Asynchronous functional reactive programming for GUIs
Evan Czaplicki and Stephen Chong

This paper presents a new functional reactive programming-based programming language aimed at graphical user interaction (particularly on Web pages as embedded in Javascript).  Graphical user interaction has frequently been cited as a motivation for FRP techniques since the first work on it by Elliott and Hudak.  Early techniques had some significant performance problems, while more recent techniques have introduced restrictions or refinements that seek to reconcile convenient programming with efficiency.

This paper presents a new approach, that combines two basic ideas.  First, the type system is restricted to forbid forming "signal of signal" types, which rules out many (unintentionally) inefficient programs, by ensuring that the current value of a signal cannot depend on unbounded history.  (Other recent work on FRP at ICFP, which I discussed here, also provides ways to avoid this.)  Second, the language includes a primitive called $\mathsf{async}$ that marks parts of the program that can be executed asynchronously.  The language design, called FElm, is presented with a type system and its semantics is described via a translation to Concurrent ML.

Particularly interesting is the fact that the system in the paper forms the basis of a programming language called Elm with an active user community, and many interesting examples of short, nontrivial graphical interactive programs. On the other hand, I'd still like to see a significant development of a "real" user interface (something as complicated as the interactive editor that Blogger provides for me to write this post, for example) in a FRP-based language.

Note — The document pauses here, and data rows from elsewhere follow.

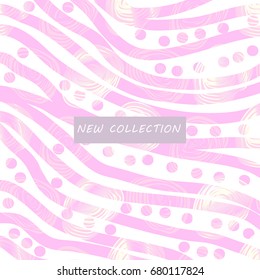 Universal card with cute polka dots and wavy stripes.  Artistic background for wedding, bridal shower,  save the date, banner, brochure, poster, home decor, web, fashion, etc. Vector 
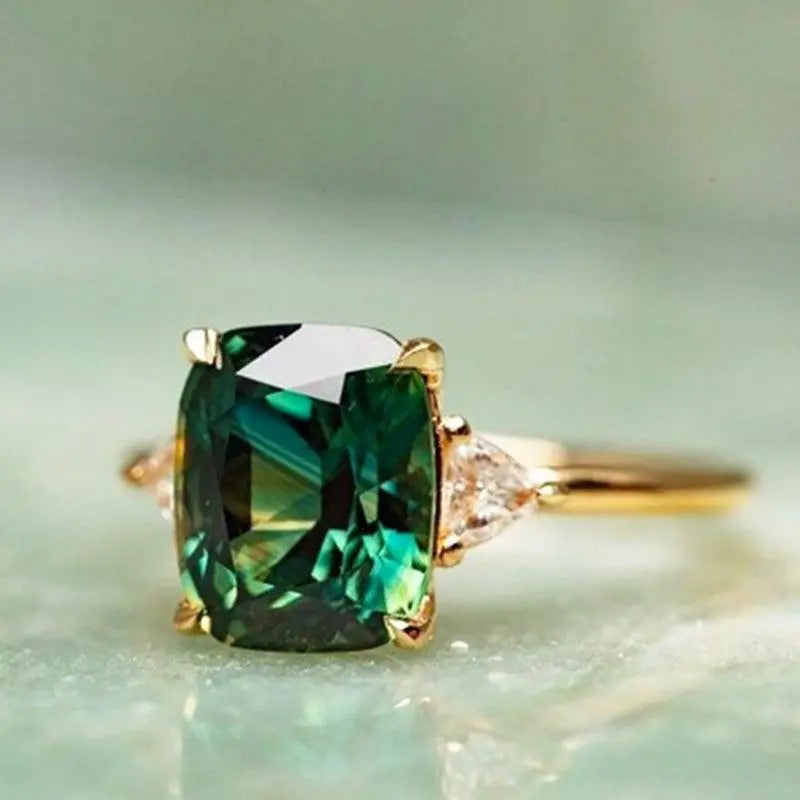 Elegant Square Emerald Ring 1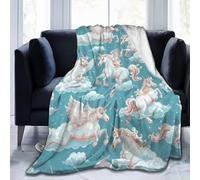 peiyeety Clouds Unicorns Throw Flannel Blanket for Couch Sofa Bed Camping Soft Air Conditioning Quilt Novelty Gifts 50"x40"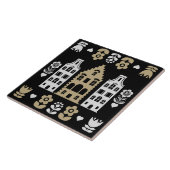 オランダ伝統的フォークアートプリント タイル (側面)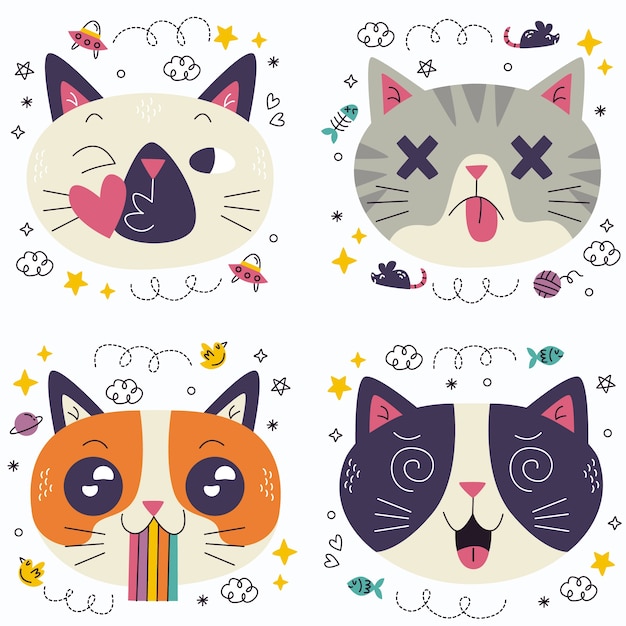 Vetor grátis coleção de adesivos de emoticons de gato doodle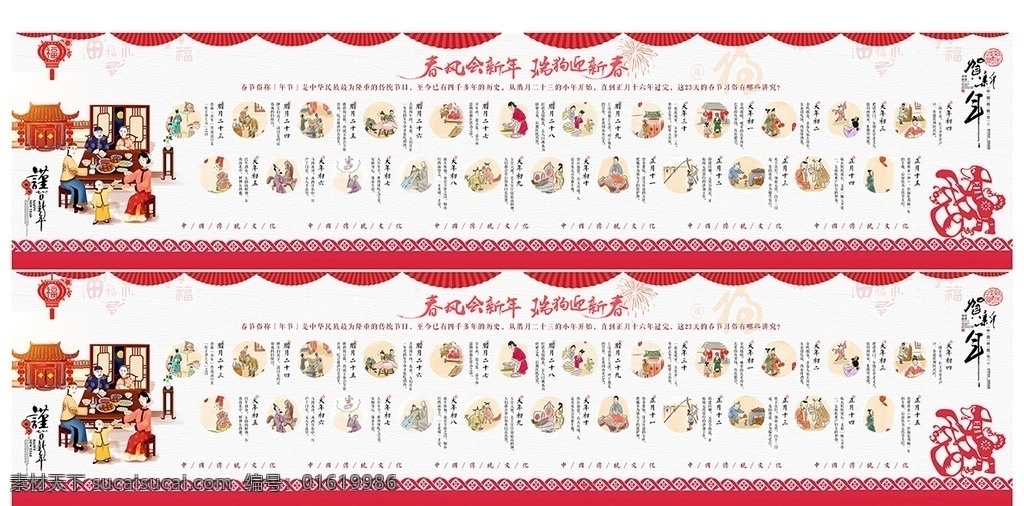 2018 春节习俗 展板 春节 习俗 狗年 年味道 广告 分层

The paper doesn't present formal results that back up its claims (or correctness of the translation to Concurrent ML, for that matter).  So it is difficult to evaluate the claim that FElm is better than other approaches.  The prototype implementation is enough (for me at least) to convince me that this doesn't matter, though it would still be nice to see an attempt at a direct semantics for FElm and proof of its type soundness or other desirable properties (perhaps this is covered in a TR somewhere that I haven't seen).   Even a fairly lightweight specification such as showing the translation from FElm types to Concurrent ML types might be helpful for intuition.  In any case, Elm (and the core language presented in this paper) is an interesting design point and it is genuinely encouraging to see functional programming and FRP techniques influencing an emerging language.

Stray thoughts:
• The $\mathsf{lift}_n$ operations seem to make the $\mathsf{signal}$ type into an applicative functor (and vice versa, I think, at least based on the types).  It would be interesting to see whether $\mathsf{signal}$ "really" is an applicative functor in disguise.
• Formlets also satisfy applicative functor laws, and so if signals and formlets can both be formulated in terms of the same abstraction, maybe they can be combined more easily (applicative functors are closed under composition).
• On the other hand, the $\mathsf{fold}$ operation does not come along for free with an applicative functor; it seems to make explicit a limited kind of stateful or automaton-like transduction (this is made explicit by the $\mathtt{Automaton}$ type described in section 4.3, which comes from work on Arrowized FRP that I'm not familiar with).
• Similarly, the $\mathtt{run}$ function in that section that maps an automaton $\mathtt{Automaton}~a~b$ and a start state $b$ to a function on signals $\mathsf{signal}~a\to \mathsf{signal}~b$ seems like it ought to be the basis of a functor from (some category based on) the $\mathtt{Automaton}$ type to the $\mathsf{signal}$ type.  Perhaps this is already explored in the Arrowized FRP literature on which the $\mathtt{Automaton}$ type is based, though.